SUPPLIED DATA below:
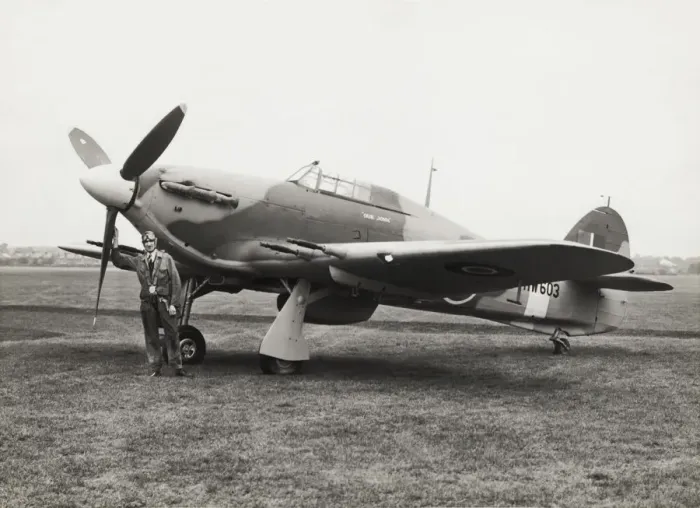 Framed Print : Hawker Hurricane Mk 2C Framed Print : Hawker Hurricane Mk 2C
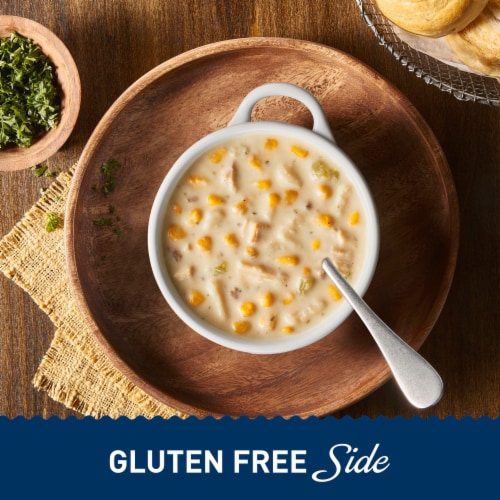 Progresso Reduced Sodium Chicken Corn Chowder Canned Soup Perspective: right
End of SUPPLIED DATA.
SUPPLIED DATA below:
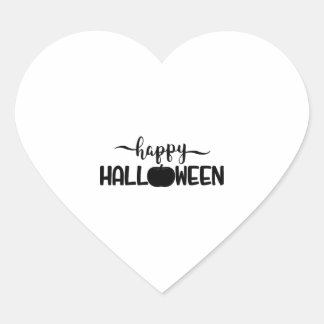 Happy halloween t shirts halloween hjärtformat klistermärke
End of SUPPLIED DATA.
SUPPLIED DATA below:
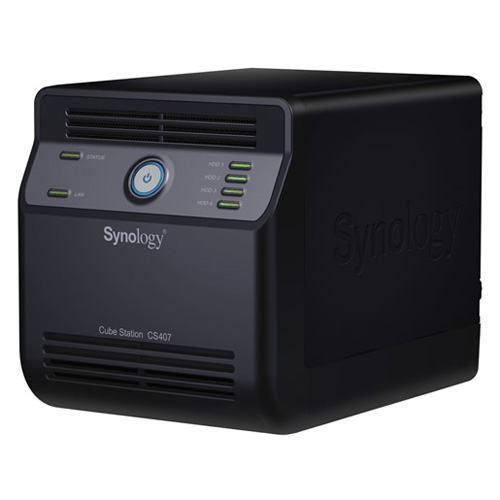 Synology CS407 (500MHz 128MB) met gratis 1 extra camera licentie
End of SUPPLIED DATA.
## WORK TO COMPLETE:
From the records above, copy exactly the lines starting at the one with "Framed Print : Hawker Hurricane Mk 2C Framed" and ending at the one with "Progresso Reduced Sodium", and no others. Pictures stay out.

## SOLUTION FOR THIS TASK:
 Framed Print : Hawker Hurricane Mk 2C Framed Print : Hawker Hurricane Mk 2C
 Progresso Reduced Sodium Chicken Corn Chowder Canned Soup Perspective: right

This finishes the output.